* EXERCISE INPUT:
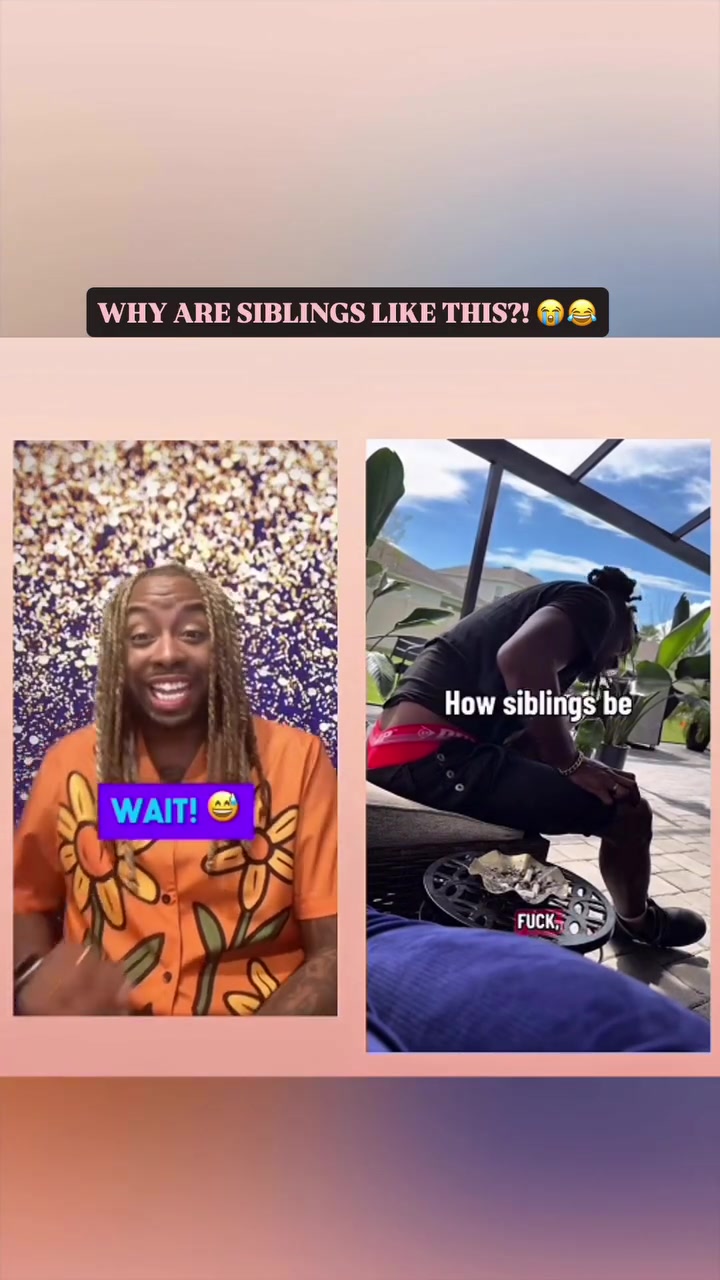 @Michael-Jonvier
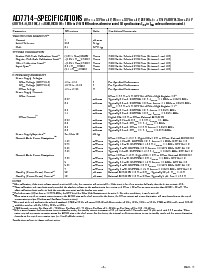 ͺ[name]Datasheet PDFļ4ҳ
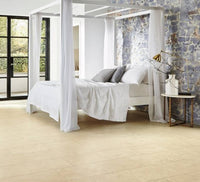 Karndean Da Vinci - Stone - Gluedown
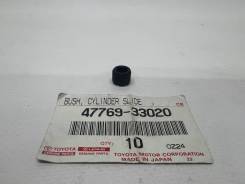 LADUBAI: оригинальные автозапчасти из Дубая по выгодным ценам! Быстрая доставка в Россию и СНГ.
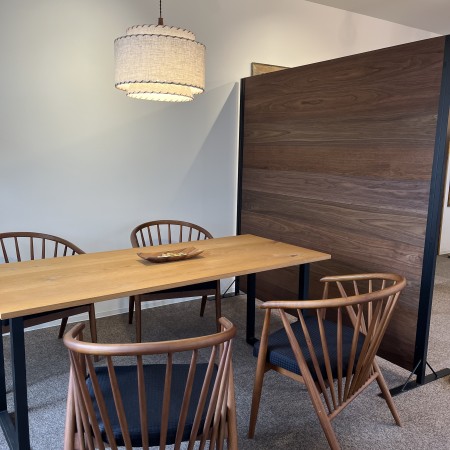 walstandpartition180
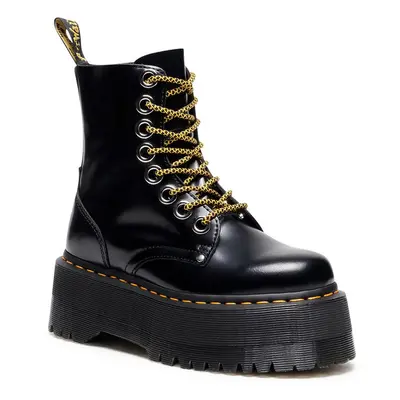 Glády Dr. Martens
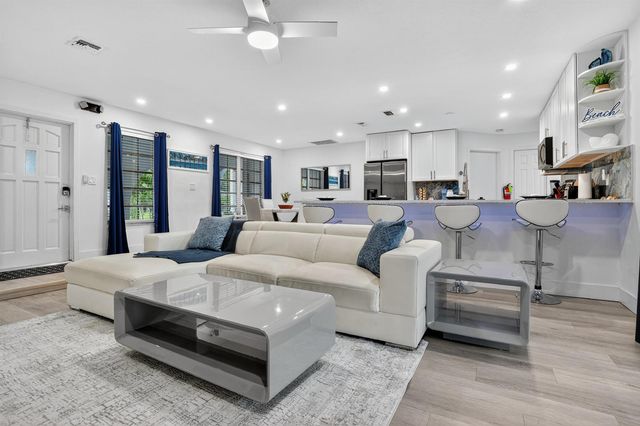 4421 NW 2ND Court, Coconut Creek, FL 33066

* WHAT TO WORK ON: Return the lines above exactly; the images are not part of the copy.

* EXERCISE RESPONSE:
 @Michael-Jonvier
 ͺ[name]Datasheet PDFļ4ҳ
 Karndean Da Vinci - Stone - Gluedown
 LADUBAI: оригинальные автозапчасти из Дубая по выгодным ценам! Быстрая доставка в Россию и СНГ.
 walstandpartition180
 Glády Dr. Martens
 4421 NW 2ND Court, Coconut Creek, FL 33066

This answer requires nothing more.